Büyük üstadlar üstad olana kadar çok satır kod yazdılar. Yazdıkça gördüler ki aynı kod bloğunu her ihtiyacı oldukları yerlerde ufak tefek modifikasyonlardan geçirip tekrar tekrar kullanıyorlar. Ayrıca casting, boxing-unboxing operasyonları yapmaktan uygulamanın response zamanı Harem-Sirkeci feribotu seferiyle aynı süreye denk geliyor. Dediler ki bu iş böyle olmaz, gelin beyler kafa kafaya verip adımızı tarihe yazalım. Yıl 1999, dün gibi hatırlıyorum :)
Uzun süren toplantılar, beyin fırtınaları, araştırmalar, küfür kıyamet derken nihayet 2005 yılında .NET Framework 2.0 versiyonu ile Generic Mimarisi hayatımıza girmiş oldu.
“Yukarıdaki cümleye katılmıyorum, genericler hayatıma girmedi, asla da giremeyecek” diyorsanız;
Yanılıyorsunuz :) Tabi zorla güzellik olmaz. Aşağıda okuyacağınız üç paragraf generic yapılarıyla ilgilenip, ilgilenmeyeceğinize dair kendinizi kandırmadan cevap verebilmenizi sağlayacak.
Resim-1
Şimdi kupa bardağımıza iyi bakın arkadaşlar, şaşı bak şaşır yapıyoruz :) Hemen bardak sınıfını zihninizde canlandırın. Yükseklik, çap, renk, ağırlık propertylerini tanımladınız bile… Bir de buna Doldur() fonksiyonu ekledik mi fevkalenin fevkinde olacak. Buraya kadar sıkıntı yok, peki Doldur fonksiyona parametre olarak ne verip, bardağı neyle doldururdunuz?

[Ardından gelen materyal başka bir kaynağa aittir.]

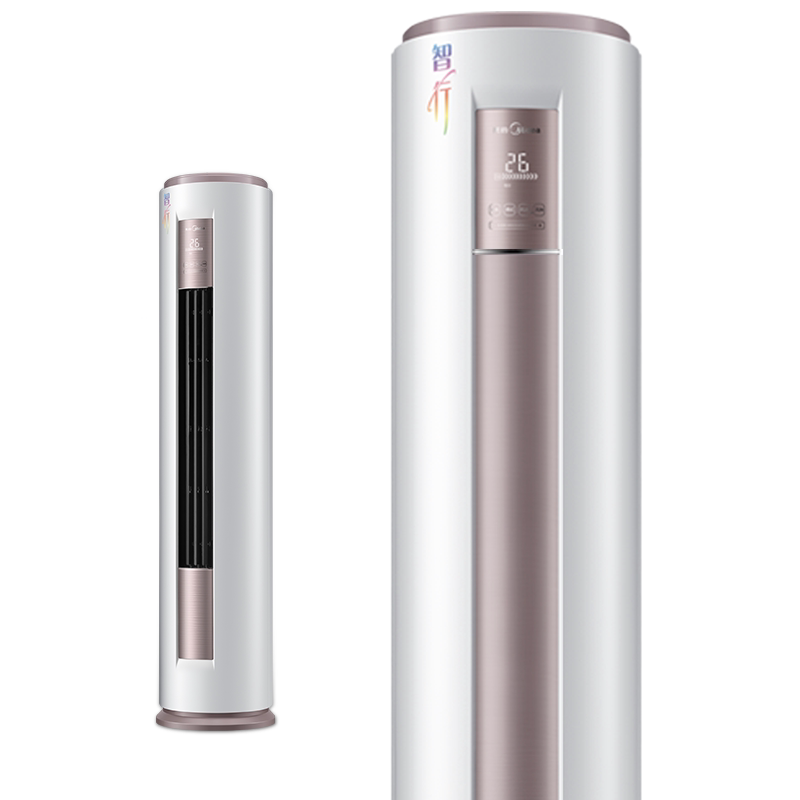midea/美的3匹变频3p圆柱柜机客厅立式空调官方旗舰店ya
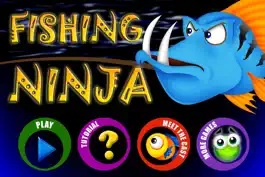 Game screenshot Fishing Like A Ninja mod apk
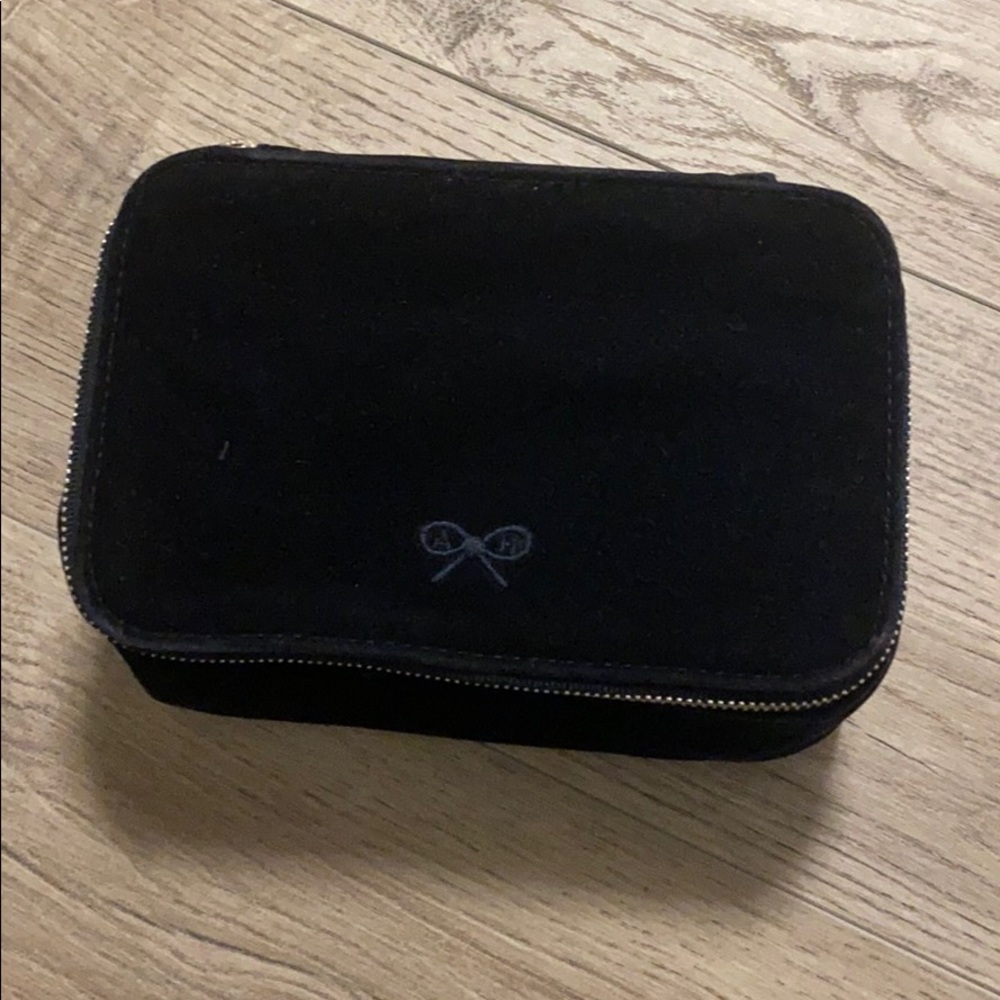 Anya Hindmarch London Vanity Bag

Verilecek cevap basit: Bardağı sıvı olan herhangi bir şeyle doldurabiliriz. Çay, kahve, ayran, kola, cappuccino, oralet, bira, su vs…. Zaten sıvı olmayan şeylerle doldurmak isteseydim kova sınıfını tasarladım öyle değil mi?

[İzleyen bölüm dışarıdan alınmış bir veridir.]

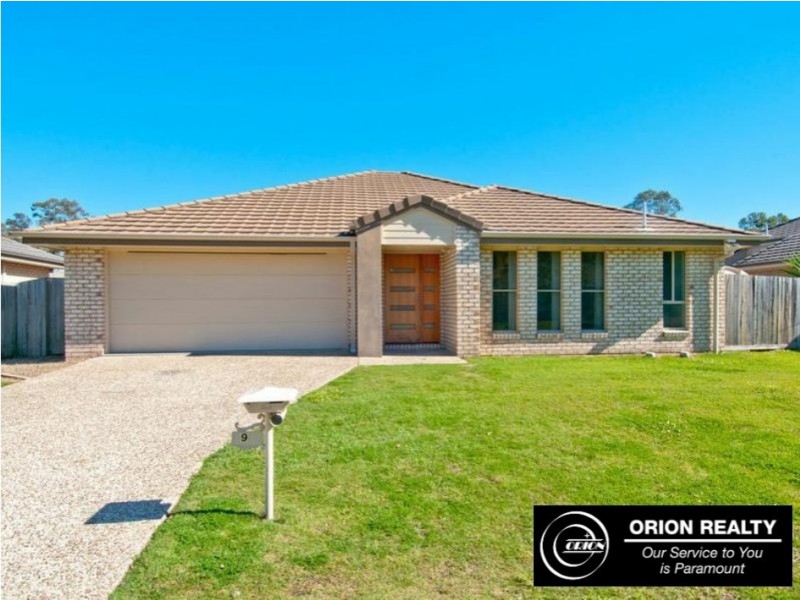 9 Zachary Street, Eagleby QLD 4207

Normal Şartlar Altında bardağımızı şöyle dolduruyoruz:
- Önceden kısık ateşte hazırladığımız bardak sınıfından bir örnek nesne (instıns) çıkartılır.

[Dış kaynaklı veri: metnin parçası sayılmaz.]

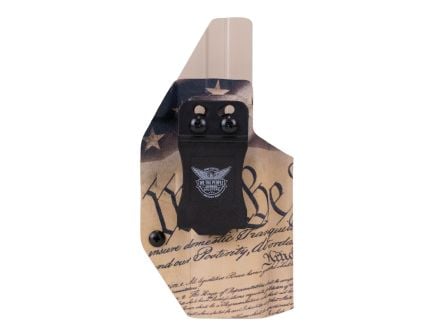 We The People Holsters S&W M&P Shield / M2.0 4" / Plus 4" 9/40 (Pro Red Dot Ready) Holsters, Constitution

- Örnek nesnenin Doldur fonksiyonu çağırılarak, bardak ne ile dolacaksa ilgili parametre verilir.
Resim-2
Bakınız Doldur fonksiyonum 16 çeşit parametre alacak şekilde tasarlanmış. Önceden neyi tanımladıysam onunla bardağı doldurabiliyorum. Çok iyi, hatta mühendislik harikası… Yalnız şöyle bir sıkıntı var:
16 çeşit yerine 124 çeşit parametre tipim olsaydı bu tiplere özel kod yapılarını parmaklarımın ucundaki deriyi eritip kemiğimi dışarını fırlatana kadar (iğrencim kabul) klavyeyle mi boğuşacaktım yoksa burayı tıklayarak irfan boyutunda huzura mı erecektim :)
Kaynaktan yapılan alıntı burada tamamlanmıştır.